The National Security Agency employs teams of hackers tasked with missions ranging from cyberattacks to counterterrorism, according to a German magazine that has published documents stolen by former NSA contractor Edward Snowden.
The teams, attached to the agency's Office of Tailored Access Operations (TAO), handle the bulk of the organization's missions at the tactical and operational level, Der Spiegel reports.
The magazine reports the TAO teams have gained access to sensitive information encrypted within private, secure networks belonging to world leaders and multinational corporations.
Established in 1997 within the NSA, the TAO teams specialize in breaking into highly secure computer networks, either to gather intelligence or manipulate those networks in offensive cyber warfare operations.
Working out of secure locations in the continental United States and abroad, with monikers such as the NSA's "Dagger Complex" in Germany, these teams have expanded to locations in Hawaii, Georgia, Colorado and the agency's headquarters at Ft. Meade, Md., according to Der Spiegel.
The office's branch in Texas, however, reportedly has spearheaded the agency's operations and has been the fastest-growing TAO team within the NSA. Based in San Antonio, the Texas branch is responsible for NSA intelligence operations in the Mideast, South and Central America, and Mexico.
With a team of 60 information technology specialists, the TAO Texas cell is expected to swell to upwards of 300 technicians by 2015, according to the magazine. The growth of the Texas branch, as well as the TAO teams overall, represent the importance of the agency's espionage operations to the U.S. military and intelligence community.

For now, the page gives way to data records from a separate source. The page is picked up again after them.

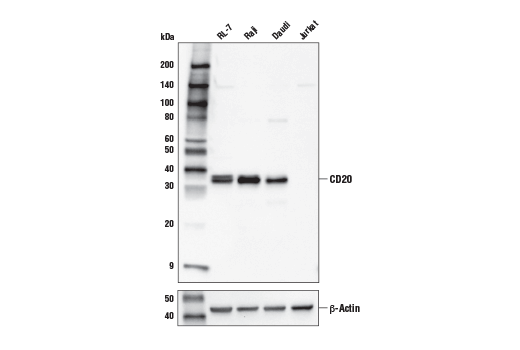 Western Blotting Image 1: CD20 (E7B7T) XP® Rabbit mAb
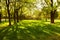 Chinese locust tree forest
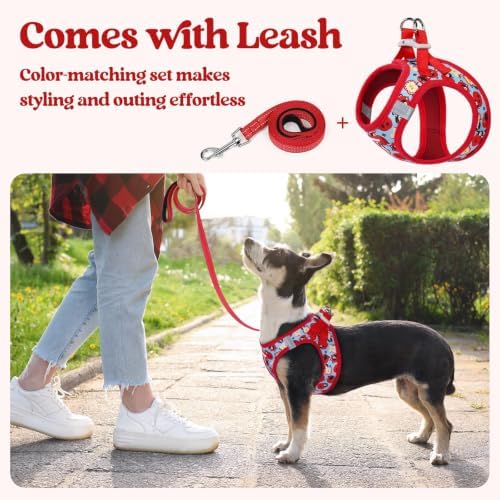 rabbitgoo Dog Harness Medium Sized and Leash Set, Step-in Puppy Pet Vest - Image 6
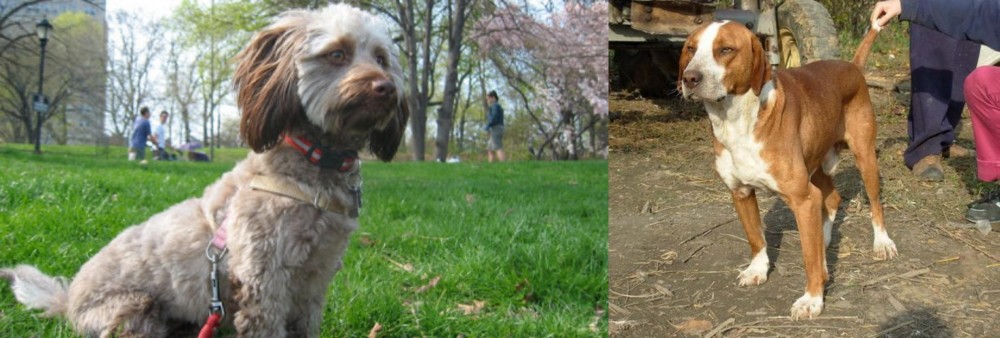 Posavac Hound vs Doxiepoo - Breed Comparison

American regional and combat commands, from the Middle East to the Asia-Pacific region are "the biggest users and consumers" of the actionable intelligence produced by the NSA, Defense Secretary Chuck Hagel told reporters earlier this month.
But the revelations of the TAO teams, along with other sensitive details of NSA operations by Snowden, and the political blowback they have caused in Washington could end up doing more harm than good to U.S. military commanders.
"What I do not want to see here is a gap" in the intelligence flow from the NSA down to American units on the ground, at sea and in the air, the defense chief told reporters at the Pentagon.
Administration and U.S. intelligence officials assert Snowden stole more than 1.5 million classified documents detailing specific NSA programs and operations, only a small portion of which have been made public.
Snowden, who is currently receiving temporary asylum in Russia, is facing a slew of espionage charges should he return to the United States.
President Obama is weighing options to rein in the NSA, based on the recommendations of a White House panel, tasked with reviewing the agency's operations in the wake of the Snowden leaks.
The recommendations came just two days after a federal district court judge ruled that the NSA's phone surveillance operation appeared to violate the constitutional rights of millions of Americans.
— This report was updated on Monday at 6:20 a.m.